Christmas shopping


An English tourist asks me if I’m keen on internet shopping.

“No, by God!” I reply emphatically. “In the first place, the monkeys would steal the goods I ordered. In the second place, there is nothing I would wish to order.”


“There must be something you want!” he exclaims. “Even gorillas need their toys.”


“It’s not a question of toys, my good man, but of trust! Didn’t you hear of the scoundrels who were arrested for selling
fake penises on the internet? May they languish in gaol until they repent of their phallic fraud!”

“Seems a bit harsh,” he remarks. “If impersonating a cock is an imprisonable offence, half the male population of Dagenham should be doing time.”


Not being familiar with Dagenham, I decide to let him have the last word. I’m sure the place is nothing like as bad as he implies. All the same, I’ll remember to avoid it the next time I’m in England. Why take a chance?


It seems that a lot of people are using the internet as a less stressful way of doing their Christmas shopping. Thankfully, we don’t bother with such soulless chores in the jungle. Every Christmas, I present the manager of the safari camp with some freshly picked fruit and he gives me a portrait photo of his wife in return. A very good one, I should add. Someone must be pinching her bottom to get such expressions out of her. Anyway, these friendly gestures of seasonal goodwill do away with the need for vulgar commercialism and its attendant cash transactions.

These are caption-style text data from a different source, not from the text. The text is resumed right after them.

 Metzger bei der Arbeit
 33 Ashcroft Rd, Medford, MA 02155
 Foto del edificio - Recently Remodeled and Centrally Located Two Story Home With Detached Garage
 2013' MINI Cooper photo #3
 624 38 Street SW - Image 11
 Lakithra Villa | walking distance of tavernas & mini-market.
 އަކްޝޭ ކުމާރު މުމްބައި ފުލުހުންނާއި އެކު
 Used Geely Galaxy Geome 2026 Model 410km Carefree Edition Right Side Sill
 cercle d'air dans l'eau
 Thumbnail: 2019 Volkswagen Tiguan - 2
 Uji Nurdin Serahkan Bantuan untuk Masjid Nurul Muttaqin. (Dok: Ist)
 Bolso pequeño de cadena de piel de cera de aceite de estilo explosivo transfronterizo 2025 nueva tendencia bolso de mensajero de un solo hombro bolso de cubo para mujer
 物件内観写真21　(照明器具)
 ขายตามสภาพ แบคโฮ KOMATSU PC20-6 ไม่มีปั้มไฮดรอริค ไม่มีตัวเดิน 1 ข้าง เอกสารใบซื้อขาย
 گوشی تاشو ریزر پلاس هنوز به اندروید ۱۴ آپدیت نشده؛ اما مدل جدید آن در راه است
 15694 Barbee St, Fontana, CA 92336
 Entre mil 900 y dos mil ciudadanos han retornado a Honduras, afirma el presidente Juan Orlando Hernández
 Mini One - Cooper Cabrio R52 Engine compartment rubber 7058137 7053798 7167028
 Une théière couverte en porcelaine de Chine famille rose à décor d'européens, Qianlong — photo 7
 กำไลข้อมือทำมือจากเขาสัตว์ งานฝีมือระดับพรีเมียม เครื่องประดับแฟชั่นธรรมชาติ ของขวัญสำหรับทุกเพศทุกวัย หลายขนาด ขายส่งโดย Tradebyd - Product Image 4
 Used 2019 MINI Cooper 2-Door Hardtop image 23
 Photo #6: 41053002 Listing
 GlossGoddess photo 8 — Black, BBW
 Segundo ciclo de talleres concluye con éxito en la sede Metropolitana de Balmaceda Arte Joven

I’m sorry to say that no similar custom existed in my circus days. Being the highest-paid performer, I felt obliged to splash out on Christmas gifts for my colleagues. After some vexing experiences in department stores, I hit upon the perfect solution in the form of Dr Whispnade’s goldsmith, one Joos ‘Juicy’ de Villiers. Born in South Africa, he fled the horrors of the apartheid regime in the 1970s and settled in a modest home in Mayfair. There was also a pending warrant for his arrest on smuggling charges, which he assured us were cooked up by the state security police to punish him for “helping the blicks” (as he put it).


Juicy’s speciality was gold coins, but not the ones issued by governments. He would mint you custom-made specie with any engraving that took your fancy. Being an imaginative ape, I designed an exquisite collection of ‘Bananarands’ to give as Christmas presents. The ladies loved coins with romantic inscriptions, e.g. a sleeping maiden beneath the epigram Your Head Forever On My Hairy Chest. The clowns preferred kinky ones, e.g. a drag performer with the words Old Man’s Petticoat inscribed thrice around the edge.


The wonderful thing about those gifts was the sentimental value they rapidly acquired. It soon became apparent that no one would sell their coins unless faced with the most abject penury. To this day, I know of a retired clown who refuses to part with his Bananarands to buy a new set of dentures. He would rather live on gruel and mashed potatoes than sell them for the handsome sum they would now fetch. Such honest devotion would have surely brought a tear to Scrooge’s pitiless eye. Think of that clown when you stagger away from this year’s Christmas lunch table, with bloated belly and giddy head. A human who values a treasured gift above false teeth is an example to us all.